1Department of Medical Microbiology and Parasitology, College of Health Sciences, Ladoke Akintola University of Technology, Ogbomoso, Oyo State, Nigeria
2Department of Chemical Pathology, College of Health Sciences, Ladoke Akintola University of Technology, Ogbomoso, Oyo State, Nigeria
DOI: https://doi.org/10.51244/IJRSI.2025.121500013P
Received: 20 January 2024; Accepted: 25 January 2025; Published: 01 March 2025
ABSTRACT
Hepatitis D virus (HDV) requires co-infection with hepatitis B virus (HBV). Human immunodeficiency virus (HIV) shares transmission routes with these viruses. HDV infection increases liver complications compared to HBV alone, especially in HIV-positive people. Although vaccinations and antiviral medications are available, over 1 million individuals worldwide die from HBV-related illnesses each year, which may also co-infect with HDV. Examining HDV infection in HBV/HIV co-infected individuals would provide important epidemiological information for improving healthcare delivery in Nigeria. Using a cross-sectional study, data for this study were collected from 206 consenting individuals receiving treatment for HIV/AIDs at Oyo State General Hospital, Ogbomoso.
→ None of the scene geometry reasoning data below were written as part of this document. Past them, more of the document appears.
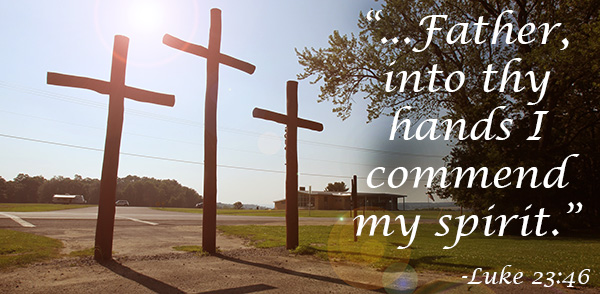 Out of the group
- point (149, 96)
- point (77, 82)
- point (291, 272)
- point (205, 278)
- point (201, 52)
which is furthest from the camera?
point (201, 52)

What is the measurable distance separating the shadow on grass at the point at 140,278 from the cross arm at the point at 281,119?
5.27m

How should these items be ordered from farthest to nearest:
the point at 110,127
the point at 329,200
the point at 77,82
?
the point at 329,200, the point at 110,127, the point at 77,82

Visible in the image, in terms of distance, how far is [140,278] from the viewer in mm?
6379

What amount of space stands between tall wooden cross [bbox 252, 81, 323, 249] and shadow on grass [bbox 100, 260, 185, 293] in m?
4.85

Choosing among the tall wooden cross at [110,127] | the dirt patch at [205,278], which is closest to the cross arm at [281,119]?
the tall wooden cross at [110,127]

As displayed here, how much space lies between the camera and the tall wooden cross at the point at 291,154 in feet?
36.4

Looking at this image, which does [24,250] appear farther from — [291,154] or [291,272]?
[291,154]

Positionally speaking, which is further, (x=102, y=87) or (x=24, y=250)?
(x=24, y=250)

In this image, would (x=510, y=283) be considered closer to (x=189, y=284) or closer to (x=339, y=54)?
(x=189, y=284)

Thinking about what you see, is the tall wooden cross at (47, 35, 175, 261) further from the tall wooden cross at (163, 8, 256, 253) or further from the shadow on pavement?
the shadow on pavement

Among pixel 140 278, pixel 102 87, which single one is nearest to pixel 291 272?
pixel 140 278

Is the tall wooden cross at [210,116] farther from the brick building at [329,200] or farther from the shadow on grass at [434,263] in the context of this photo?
the brick building at [329,200]

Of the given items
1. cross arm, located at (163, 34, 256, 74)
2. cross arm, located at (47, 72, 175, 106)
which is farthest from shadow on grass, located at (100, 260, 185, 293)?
cross arm, located at (163, 34, 256, 74)

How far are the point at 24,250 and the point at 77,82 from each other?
4162mm
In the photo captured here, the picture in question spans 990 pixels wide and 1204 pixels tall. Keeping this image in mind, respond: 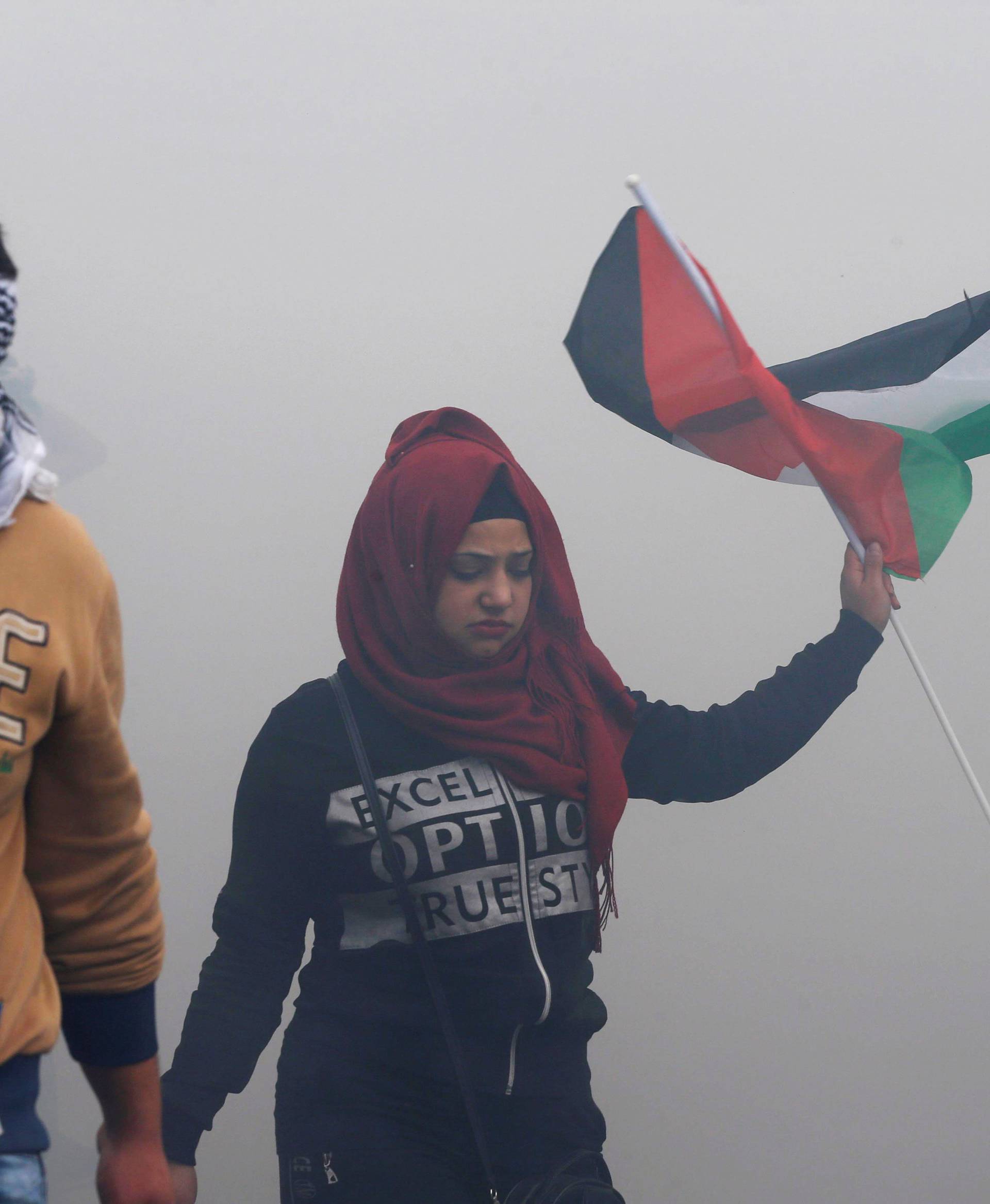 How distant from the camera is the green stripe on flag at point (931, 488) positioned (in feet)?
5.69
Also, blood samples were collected from each participant and the plasma was used to determine status of hepatitis B surface antigen (HBsAg) and HDV antibody using ELISA techniques. In this study, 16/206, 7.8% were HBsAg positive among the PWH. While the prevalence of HDV IgG and HDV IgM antibodies among HBV/HIV individual was 7.8% and 0% respectively. The HDV IgG antibodies were found higher among females, individuals between 37-54 years and those with no or little education. The seroprevalence of HDV IgG antibodies at 7.8% indicates that HDV exposure is relatively uncommon in this group, but not insignificant. Although 0% seroprevalence of HDV IgM says no acute or recent HDV infection among the participants as at the time of the study but monitoring for signs of active liver disease or viral reactivation in chronic carriers (IgG positive) is still important. Early and regular HBV screening, monitoring and management among HBV/HIV co-infected individuals are needed as preventing HBV serves as means for HDV prevention.
Keywords: Co-infection, Hepatitis B Virus (HBV), Hepatitis Delta Virus (HDV), Human Immunodeficiency Virus (HIV), Prevalence
INTRODUCTION
Hepatitis D virus (HDV) is a defective subviral agent that needs the presence of hepatitis B virus (HBV) surface antigen (HBsAg) to induce hepatic infection and disease. In recent years, HDV infection was thought to be a quite rate disease due to the widespread implementation of HBV vaccine and the clinical oversight of HDV detection [1]. Historically, HDV is ascribed as the most extreme type of viral hepatitis with few available treatments for managing it [2]. HDV infection significantly exacerbates the clinical course of HBV-related liver disease, frequently resulting in fast progression to cirrhosis, liver failure, or hepatocellular cancer [3].
An estimated 4.5% of the general population who are HBsAg positive have anti-HDV, which translates to around 12 million individuals worldwide [4], and about 20% of instances of liver disease and liver cancer in HBV infected individuals may be attributed to HDV coinfection [5]. Also, HIV affects 35.3 million people worldwide. Globally, 7.4% of HIV-positive people have HBV–HIV co-infection [6].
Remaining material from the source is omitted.